Best Practices in Trading: Finding and Focusing on Your Trading Edge

Two kinds of traders fail to find success:  those who cannot change and adapt and those who cannot focus and exploit their edges in markets.  Very often traders become frustrated with losses and abandon what they are doing, seeking ever better ideas and methods.  This makes it very difficult to ever master any particular opportunity or skill set in markets.

Today's best practice submission comes from David Blair (@crosshairtrader).  Readers will recognize him from the CrosshairsTrader site and blog.  David's best practice is all about focus:  eliminating what is non-essential in markets and developing a very specific market edge and expertise:

"When I first started trading I decided to be a sponge, soaking up all the stock market information I could, free or otherwise.  After sponging it for a few years I realized I created a monster devoid of creativity; replaced by anxiety, confusion, fear, and impatience, all of which were a result of a lack of focus.  I traveled in a black hole with a flashlight and didn't know it.

During these years I was trading with a partner:  a friend who introduced me to the business.  Each day he would have a new topic for us to study.  As a result, our trading room began to look like a war room.  8 monitors, two big screen TVs, 2 color printers for printing charts, cases of books, CDs, seminar manuals, etc.  The problem was, the more we added, the worse our performance, the worse our performance, the more we added, creating a vicious cycle of spoiled intentions.  As my partner continued to add, I began to subtract.  I began practicing minimalism by getting rid of all the things I thought were so important, realizing that stock prices cannot be predicted no matter how much I learned or added to my charts.

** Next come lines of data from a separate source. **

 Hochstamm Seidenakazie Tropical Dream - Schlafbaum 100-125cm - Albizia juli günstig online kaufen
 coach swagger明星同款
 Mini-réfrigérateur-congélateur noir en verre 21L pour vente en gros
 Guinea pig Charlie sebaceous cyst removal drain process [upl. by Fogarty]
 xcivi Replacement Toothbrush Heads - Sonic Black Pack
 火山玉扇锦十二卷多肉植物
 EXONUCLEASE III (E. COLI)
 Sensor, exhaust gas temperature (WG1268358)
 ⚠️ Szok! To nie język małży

My process now involves a very simple, easy to understand price pattern wherein I look for stocks breaking from price boxes to either 1) continue the previous trend or 2) reverse the previous trend.  I have a well defined method for locating these trades when they trigger on two time frames, the weekly and daily.  I have prepared a watch list of stocks and have developed indicators specifically designed to alert me when there is a potential trade opportunity.  In other words, I have become a 'process specialist'.  I have developed a specific process that helps me manage the uncertainty of future stock prices.  I no longer feel the need to study everything or watch anything other than the stocks on my watch list."

David's methodology makes sense:  stocks trading in a box are ones that have consolidated.  Both directionality and volatility have gone to reduced levels.  He is identifying opportunities in which breakouts place him on the right side of both direction and volatility.  This not only means that the market moves his way, but moves his way with impulsivity.  Psychologically, having a specific methodology like this reduces distraction and enables a trader to become a true specialist, building skills in a particular kind of trading.  Perhaps most important of all, specializing in a type of trading enables David to make trades truly his own, so that he will have the confidence to act--and also has the perspective to quickly recognize when setups are not working.  

Many successful physicians are not only specialists but sub-specialists.  They find their "edge" by knowing one area in great depth.  This can be a very helpful approach for traders as well.